Notice how the ? operator is often referred to as a shortcut for propagating errors. We went from having 4 lines of code to 2 lines of code. We even converted it into one line of code in our latest version of the find_char_index_in_first_word function because the ? allows us to chain the logic, even if we come across at any point with the values None or Err, as ? operator will take care of it by returning the error right away.

When and Where to Use the Question Mark (?) Operator?

Unfortunately, there are scenarios where you can or cannot use the question mark ? operator. As mentioned in the definition, the ? operator is used only in functions that return Result or Option types.

fn my_fn_one() -> Result<i32, ParseIntError> {}
fn my_fn_two() -> Option<usize> {}

This doesn’t mean it is not possible to work with Result and Option types inside a function. However, the ? operator should exclusively be used with types that return the same type in a function.

In other words, if the function returns Result, use the ? operator in a Result type. If the function returns an Option, use the ? operator in an Option type.

Attempting to use the ? operator in both types, Result and Option, in a function that only returns one of the two types will lead to errors. For example, if we were to write the following code:

fn bad_fn() -> Result<i32, String> {
    let b = Ok("Got it!")?;
    let a = Some(1)?;

    Ok(a)
}

Trying to run it will cause the following error:

the ? operator can only be used on Results, not Options, in a function that returns Result

Remember, the ? is a shortcut for error propagation.

If the ? is used in a type different from the type a function returns, there could be a chance of propagating errors unrelated to the type defined on a function to return.

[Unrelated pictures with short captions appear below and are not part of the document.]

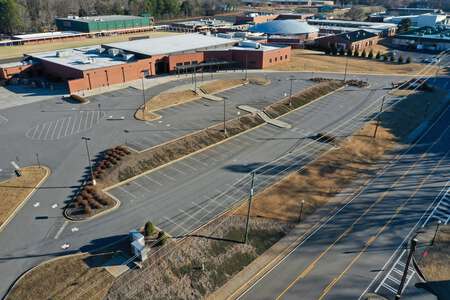 Forsyth Central High School Parking Lot - Front in Cumming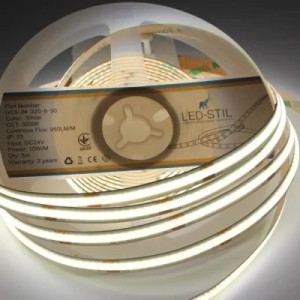 Світлодіодна стрічка LED-STIL 5000K 10 Вт/м COB 320 діодів IP33 24 Вольта 1000 lm нейтральне світло (UC5-24-320-8-90)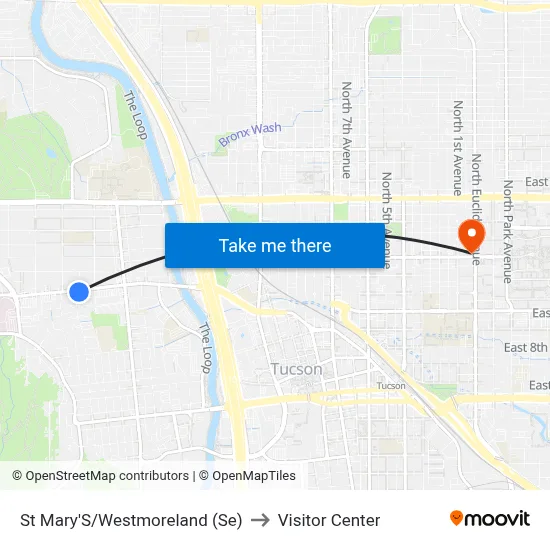St Mary'S/Westmoreland (Se) to Visitor Center map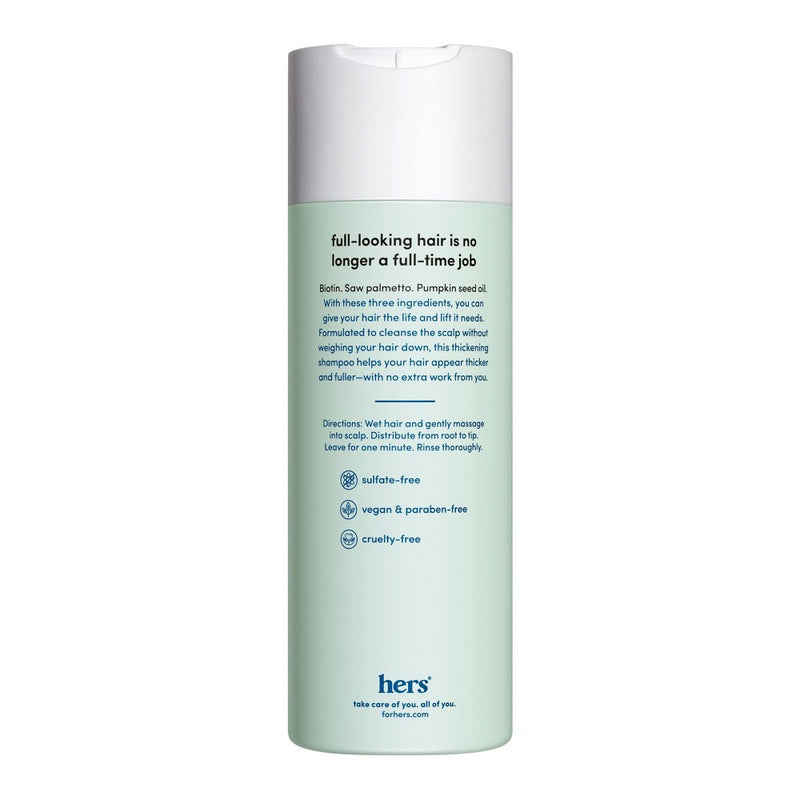 hers Triple Threat Shampoo Thickening & Moisturizing Hair Defense Shampoo - 6.4 fl oz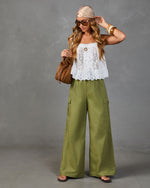 Free Roamer Belted Wide Leg Cargo Pants
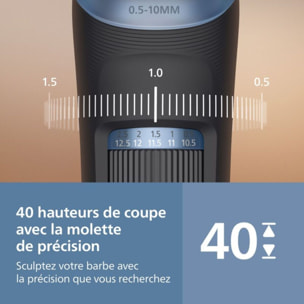 Tondeuse barbe PHILIPS BT3665/15 Series 3000, 40 hauteurs de coupe, précision 0,5 mm, autonomie 80 mn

Luckily, Rust is smart enough to detect these errors during compilation time. Hence, errors like this would not occur when running the code.

Conclusion

In conclusion, talking about the ? operator is talking about error propagation but also writing less code. Why? because the ? operator is capable of both:

  • Extracting the value of types such as Result and Option, allowing developers to not worry extracting or “unwrapping” values.
  • Returning the error type defined in the return type of a function without the need to explicitly use the return type and return an error based on the return type of a function.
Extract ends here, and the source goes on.